The primary benefit of using an operational database for business intelligence is that nothing needs to be built or modified in order to collect data. Valuable information is already there; all you need to do is unlock it.
That being said, how can you get the most out of your raw data? We put together some recommendations that'll help you optimize your database for analysis.
Don't delete data
The local and international laws that affect your business (and your own terms of service) may affect what types of data you can retain and how long you can retain it for. Compliance with these laws should be your first priority.
When an order is cancelled, a user deactivates their account, or a product is discontinued, it's tempting to delete the associated information in the database. Tables grow and eliminating clutter seems like a prudent idea. However, deleting rows means that this information is lost forever or that you'll need to dig through old backups to find it.
What can you do instead? You can add a status column to the table to which will indicate when the row is no longer active or relevant. We also recommend adding a column that stores the date the change was made, or creating a log for historical changes. If tables grow large enough that performance begins to suffer, consider archiving the old data to a table used for analytics.
Rarely overwrite data
We can't stress this enough: overwriting data should be done sparingly and with caution.
Let's use login dates as an example. Many companies will store the last login date rather than a table of historical logins. While you may only need the last login date for functional purposes, that overwritten data is a huge loss from an analytics perspective. Not keeping a complete log of these actions eliminates the ability to see how many users stayed away for long periods of time and then reactivated. It also makes it impossible to build things like user engagement cohort analyses based on logins.
As a general rule, if you're updating a record due to some kind of user action, we don't recommend overwriting information about a previous or separate user action.

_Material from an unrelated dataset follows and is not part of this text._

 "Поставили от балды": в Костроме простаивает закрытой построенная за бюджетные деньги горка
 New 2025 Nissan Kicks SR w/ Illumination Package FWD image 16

Include updated_at columns for data updated over time
If a table's rows will have changing values over time - for example, order_status changes from 'processing' to 'complete' - include an updated_at column to record when the latest change occurs. Ensure that an updated_at value is available when first inserting the new data row, at which time the updated_at date corresponds to the created_at date.
In addition to optimizing for analysis, updated_at columns also allow you to use Incremental Replication methods, which can help shorten the length of your update cycles.
Store user acquisition source
One of the most common mistakes we see is the user acquisition source, or UAS, not being stored in the operational database. In the majority of situations where this is an issue, UAS is only being tracked through Google Analytics or some other web analytics tool. While these tools can be extremely valuable, there are some drawbacks to storing UAS in them exclusively.
Why do we say this? Because, more often than not, you can't extract user-level data from these tools. When it is possible, it's usually a difficult process. It should be easy to get this information and marry it with data from other sources, such as the behavioral and transactional information also stored in your database.
Storing UAS in your own database is often the largest improvement an online business can make to its analytical capabilities. This allows for the analysis of sales, user engagement, payback periods, customer lifetime value, churn, and other critical metrics by UAS. This data is crucial when deciding where to invest marketing resources.
Too many companies focus solely on finding channels that provide new users at the lowest cost, but if you aren't tracking the quality of users acquired from each channel, you run the risk of attracting users who don't generate business value.
Data table setup
Set a primary key
A primary key is an unchanging column (or set of columns) that produces unique values within a table. Primary keys are incredibly important, as they ensure that your tables are properly replicated in Magento BI.
When building primary keys, use an integer data type for the column that auto-increases. We also recommend you avoid using multiple column primary keys where possible.
If your table is an SQL view, add a column that can act as a primary key. Magento BI will be able to automatically identify this column as a primary key.
Assign a data type to your data column
If a data column doesn't have an assigned data type, Magento BI will guess what data type to use. If the system guesses incorrectly, you may not be able to perform the relevant analyses until our support team adjusts the column to the proper data type. For example, if a date column is guessed as a numeric data type, you won't be able to trend over time using that date dimension.
Add prefixes to your data tables if you have multiple databases
If you have more than one database connected to Magento BI, we recommend you add prefixes to your tables to avoid confusion. Prefixes will help you remember where metrics or data dimensions are sourced from.